### PROVIDED INFORMATION

+---+

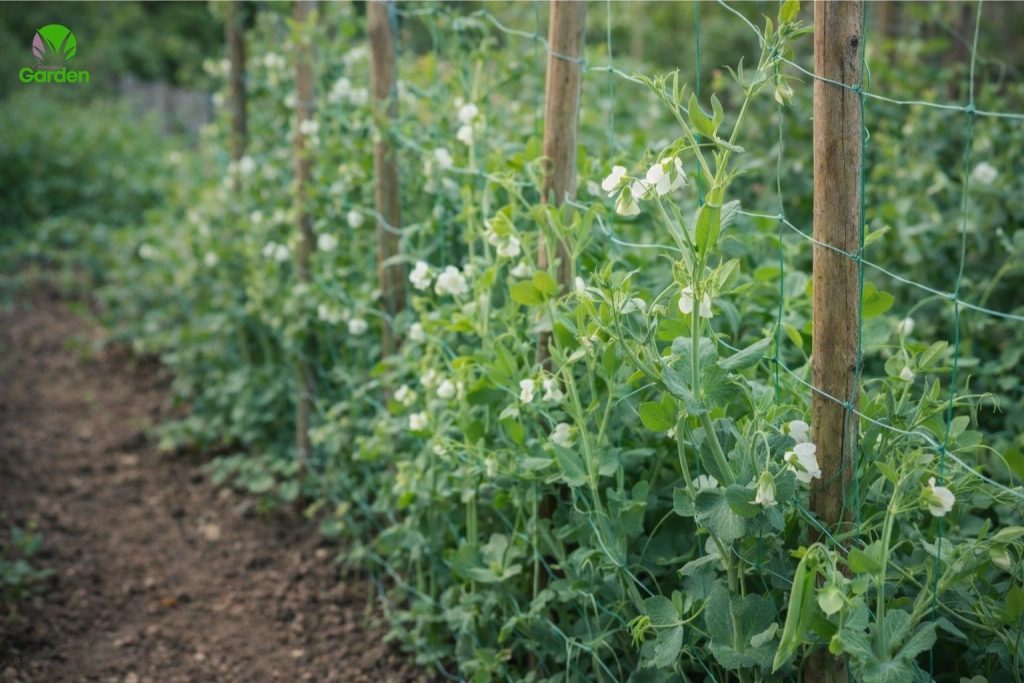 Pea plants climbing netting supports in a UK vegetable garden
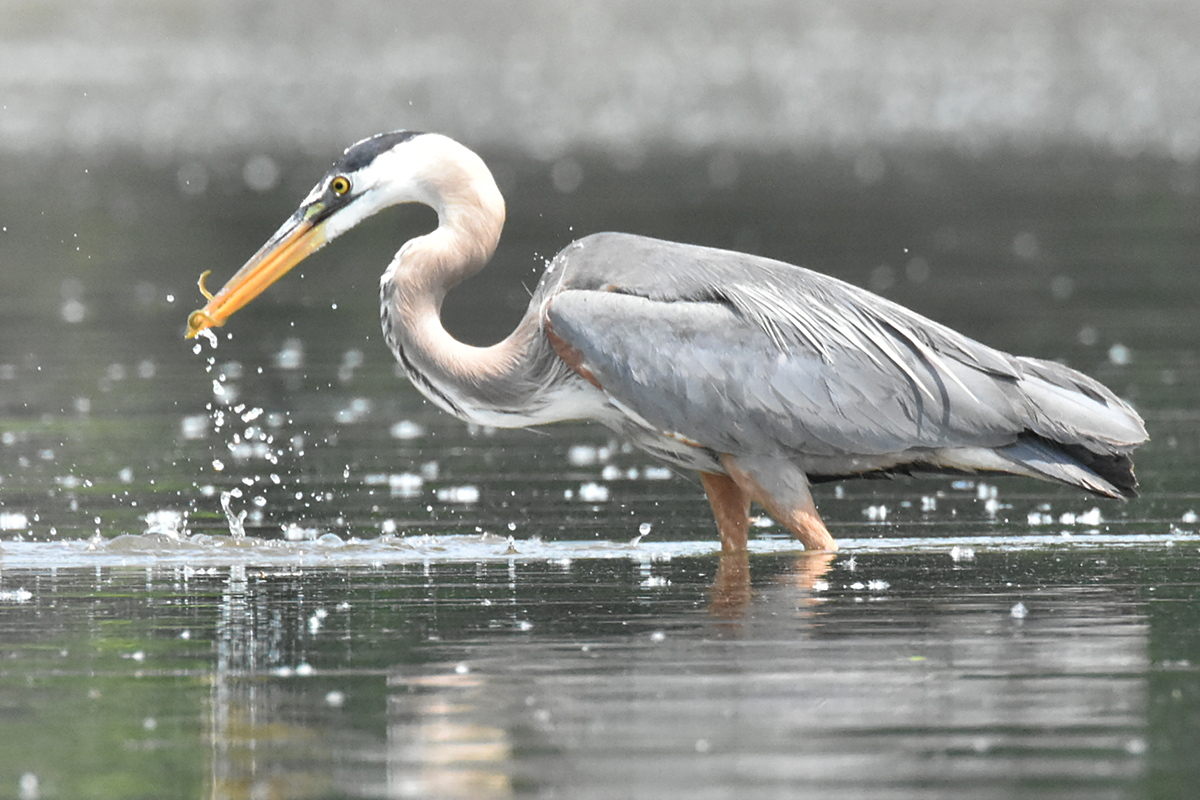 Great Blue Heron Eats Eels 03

+---+

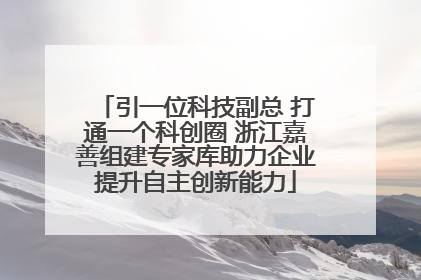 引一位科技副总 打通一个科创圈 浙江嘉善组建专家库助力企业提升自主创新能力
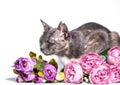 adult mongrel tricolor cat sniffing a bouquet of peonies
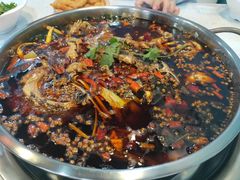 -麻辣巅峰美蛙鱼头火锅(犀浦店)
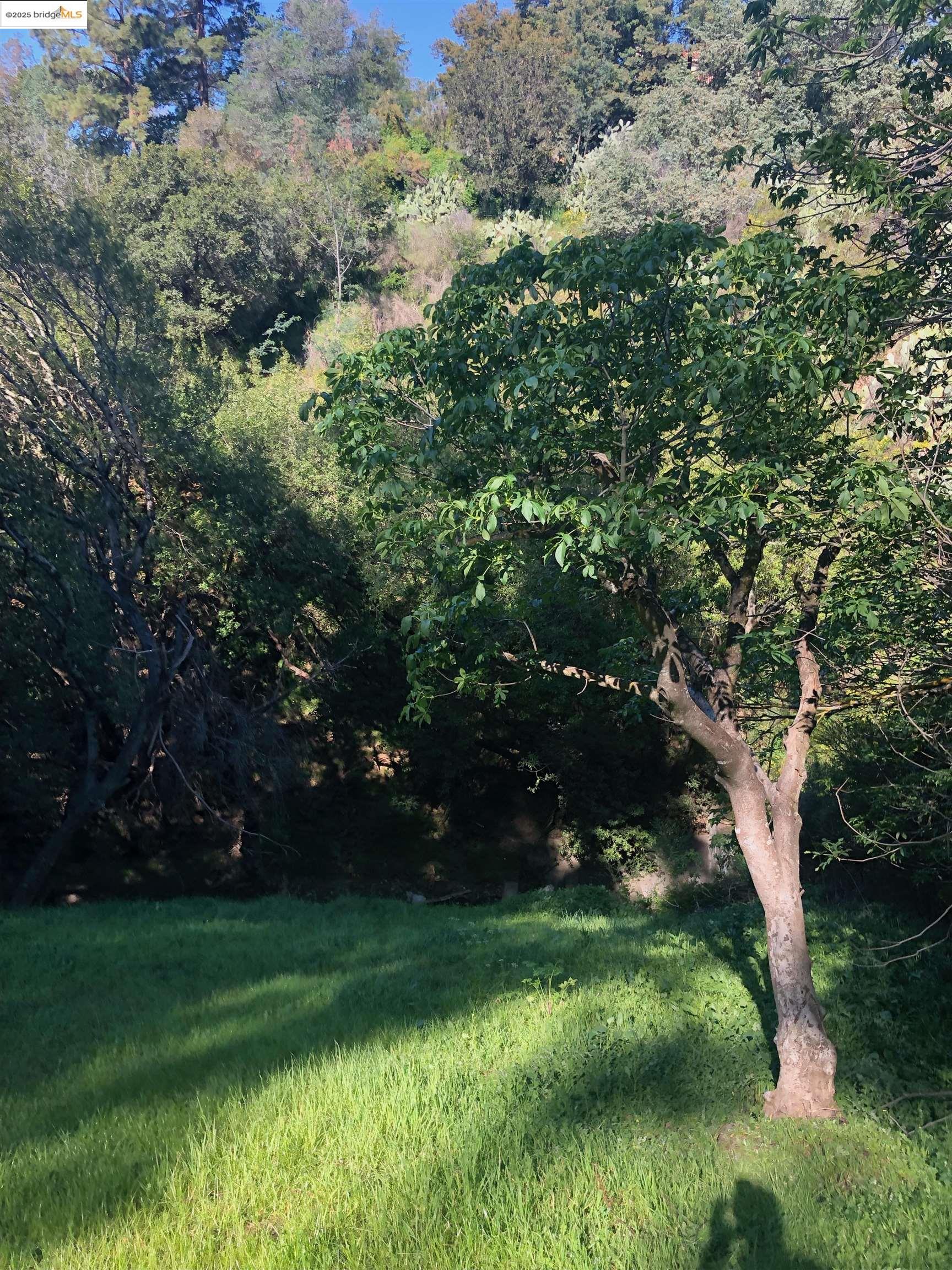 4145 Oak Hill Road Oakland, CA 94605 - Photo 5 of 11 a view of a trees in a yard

+---+

### WHAT TO WORK ON
Among the entries above, take the line with "Pea plants climbing", the line with "Great Blue Heron Eats Eels 03", and all the lines between them, and restate them word for word without pictures.

### EXERCISE RESULT
 Pea plants climbing netting supports in a UK vegetable garden
 Great Blue Heron Eats Eels 03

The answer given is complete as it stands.